We used to do funny things to him and in return he'd send us baked goods and other suff. Once my shipmate and I found a couple of old fashioned service station uniforms at Goodwill and showed up wearing them. While my shipmate was pumping the load off to them I scaled the ladder and started washing windows on the ship.

The First mate came charging out and asked me what the hell I was doing and I told him it came free with a fillup and handed him a Coca Cola glass. He was flabbergasted and asked the Chief Engineer what was going on.

ChEng dryly told him that the reason they got fuel there was for the free glass and window wash and the mate wandered off shaking his head.

Another time we went to the same ship wearing ice cream suits, snow white Naval type uniforms and I clambered up with the paperwork before we started the fueling. The skipper saw me and thought I was a Coast Guard officer and came running down and folled me into the Chief Engineer's office and politely asked who I was.

I stuck my hand out and told him I was the commodore of the Texaco Yacht Club and he and the Chief were quite amused.

"We like you guys," they said. "We never know what's going to happen next."

That, coupled with compentency is good for customer relations. We later found out that that particular ship requested us.

Still the thing I remember most of that period of my career is the Korean ship we would get every couple of months. The deckhands were lazy and thought they were smarter than everyone else.

My shipmate and I are good seamen and would tie to the ship with the proper number of deck lines to insure we would stay affixed to the ship and I suppose a little of it was overkill.

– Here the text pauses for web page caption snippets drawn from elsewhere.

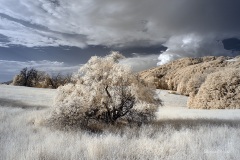 INFRARED_VOLCAN_MOUNT_SEPT_02_2019_695-78_FINAL_17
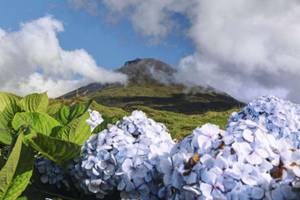 Blick auf den Pico Vulkan Hortensien Berg Wolken blauer Himmel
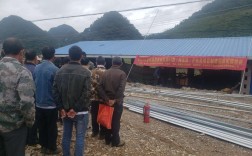 隆林隆式种姜方法？隆林到隆或乡多少公里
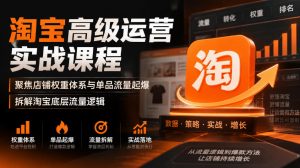淘宝高级运营实战课程,聚焦店铺权重体系与单品流量起爆,拆解淘宝底层流量逻辑-网创资源站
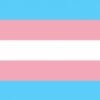 Transgender Flag 150x240cm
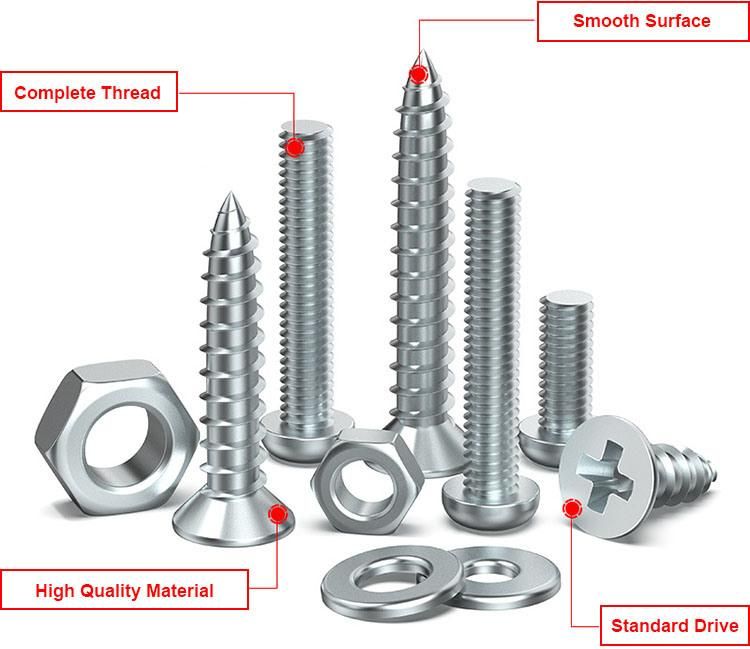 Round Head Screws Phillips Self Tapping Screws
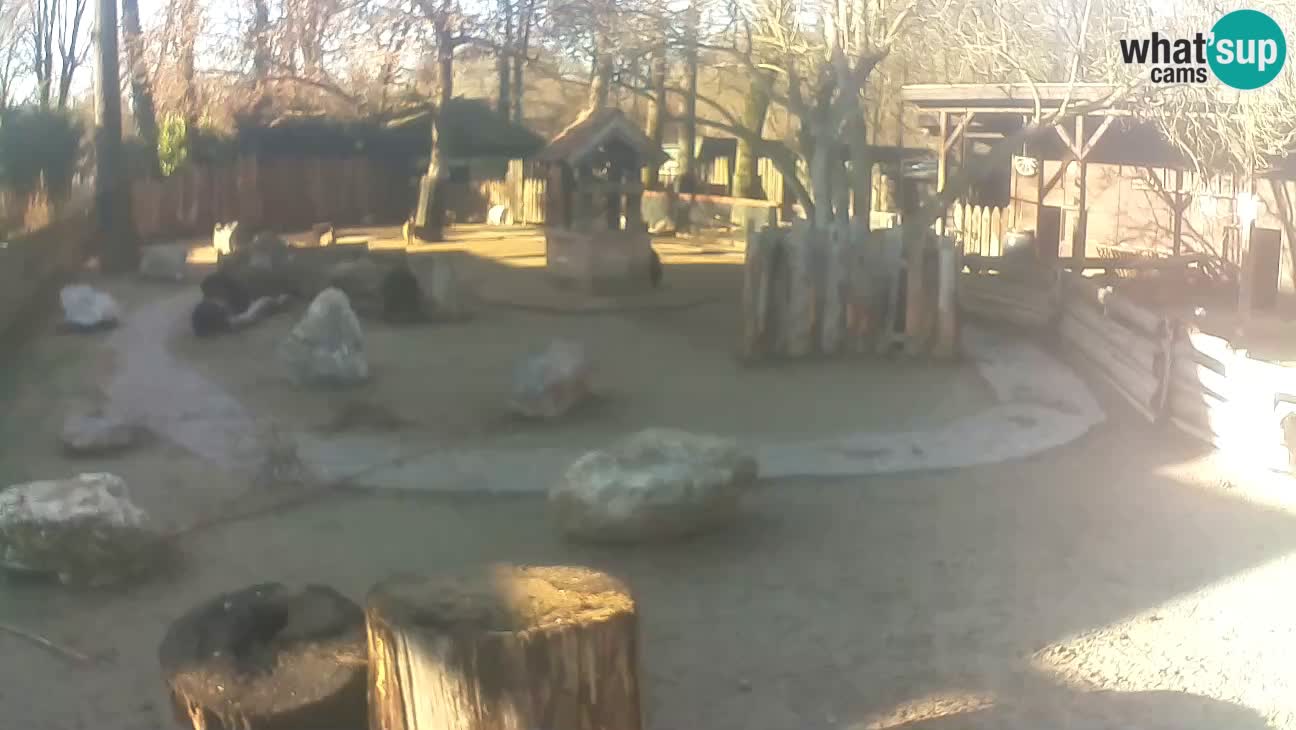 Zoo Zagreb – Rjava kapucinka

Better to have and not need than need and not have.

The Koreans on the ship griped and tried to make it hard on us. When I would throw up a heaving line tied to a deck line they would haul up the deckline, remove the heaver and throw the entire thing back on to our deck instead of making it easy and holding one end of it.

I would simply become obstinate and send up a few extra lines figuring they might get the message but they didn't.

One day my shipmate and I decided that enough was enough and we started scrounging up as much 3/8ths line as we could find and splicing it together. God only knows where we got all of the line.

For over a month we begged, borrowed and stole pieces of 3/8s inch line and my my estimates we had a piece easily over a mile long. It was a hash of manilla, plastic, nylon and whatever we could dig up. I spliced a monkey's fist on the end.

We came alongside the Korean ship and got the first line up and as usual they threw the heaving line back down on our deck.

I had the mile long line in a big tub which was covered. I then pulled about fifty feet out and sent it aloft to the ship and then tied the tail that was sticking out of the tub to the next deck line.

It took them forever to haul the deck line up and they were pretty angry about it but decided that maybe throwing the entire thing back on our deck wasn't a very good idea as I had made it cleat that if they did they could expect to repeat the process.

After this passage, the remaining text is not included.